Five or six pupils will be added to every Primary One class in three districts for the coming school year, as pressure from children born in Hong Kong to mainland mothers continues to bite.
Primary schools in Tai Po, Yuen Long and Kwun Tong will have 30 pupils allocated to each first-year class, up from 25 in previous years, a paper submitted by the Education Bureau to lawmakers reveals. Nine schools in western Yuen Long may be allocated 31 pupils per class due to rising demand.
An influx of Hong Kong-born children, many of whom live across the border, has already put pressure on kindergarten places in districts close to the border.
The bureau said it would pay for an extra assistant principal for every school affected, and that any school allocated more than 30 pupils per class would receive additional funding. The extra support will last for the six years the pupils remain at the school.
The bureau expects demand for Primary One places - which will also face pressure due to a higher birth rate in 2012, the auspicious Year of the Dragon - to peak between 2016 and 2019. It will then taper off due to a ban on mainland mothers giving birth in the city, implemented last year.
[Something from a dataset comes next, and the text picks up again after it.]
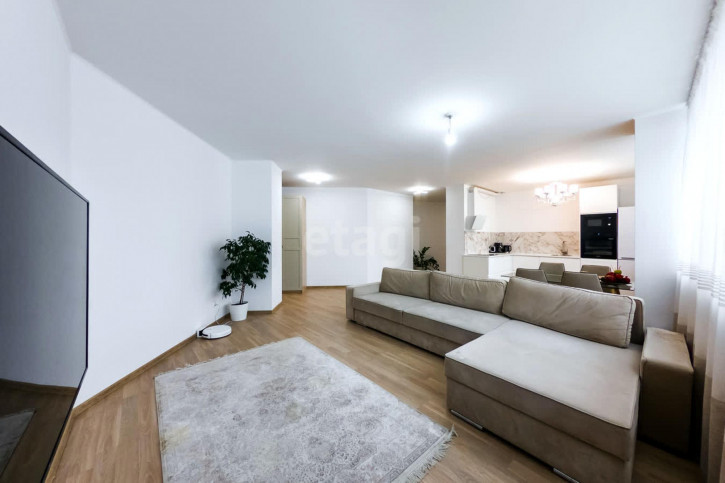 3-комн квартира Хохрякова, 63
The bureau said it would make temporary changes every year in the "transitional period" before the peak to cope with demand.
The level of increase "cannot be fully foreseeable in long-term overall planning", the bureau said, due to parental choice and the varying number of Hong Kong-born children whose mainland parents would send them for schooling here.
Law Lai-yin, principal of Carmel Leung Sing Tak School in Kwun Tong and vice-chairman of Kwun Tong Schools Liaison Committee, said the demand for primary school places had increased in the district with the completion of several public housing estates.
He was concerned that the allocation of pupils would reverse recent moves towards smaller class sizes.
"Teachers have gotten familiar with small-class education … Now teachers must adjust again with more pupils, which would definitely make their workload heavier and affect pupils' learning," Law said.
Tany Chan Hei-chuen, principal of Lam Tsuen Public Wong Fook Luen Memorial School in Tai Po, said although the policy went against his educational philosophy, it was a "painful but necessary decision". Had the government instead told schools to increase the number of classes they offered, the end result would be that the classes would close and teachers would be fired when the demand eased.